Components of Pre-Op Nutritional Assessment
• Anthropometrics

• Weight history

• Available laboratory values

• Psychological history

• Dietary intake

• Physical activity level

• Psychosocial assessment

• Details of postoperative intake

— Source: Aills L, Blankenship J, Buffington C, Furtado M, Parrott J. ASMBS Allied Health Nutritional Guidelines for the Surgical Weight Loss Patient. Surg Obes Relat Dis. 2008;4:S73-S108.

 

Components of Post-Op Nutritional Follow-Up
• Anthropometrics

• Biochemical/laboratory values

• Medication review

• Vitamin/mineral supplementation

• Dietary intake

— Source: Aills L, Blankenship J, Buffington C, Furtado M, Parrott J. ASMBS Allied Health Nutritional Guidelines for the Surgical Weight Loss Patient. Surg Obes Relat Dis. 2008;4:S73-S108.

 

References
1. Nguyen NT, Masoomi H, Magno CP, Nguyen XM, Laugenour K, Lane J. Trends in use of bariatric surgery. 2003-2008. J Am Coll Surg. 2011;213(2):261-266.

2. Weight-Control Information Network. Longitudinal assessment of bariatric surgery (LABS). NIH Publication No. 04-5573. http://win.niddk.nih.gov/publications/labs.htm.
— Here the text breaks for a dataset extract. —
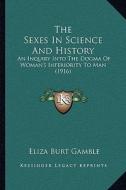The Sexes in Science and History: An Inquiry Into the Dogma of Woman's Inferiority to Man (1916) di Eliza Burt Gamble edito da Kessinger Publishing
January 2010. Accessed November 2011.

3. American Society for Metabolic & Bariatric Surgery. Rationale for the surgical treatment of morbid obesity. http://asmbs.org/rationale-for-surgical-treatment. Updated November 23, 2005. Accessed November 2011.

4. Aills L, Blankenship J, Buffington C, Furtado M, Parrott J. ASMBS allied health nutritional guidelines for the surgical weight loss patient. Surg Obes Relat Dis. 2008;4:S73-S108.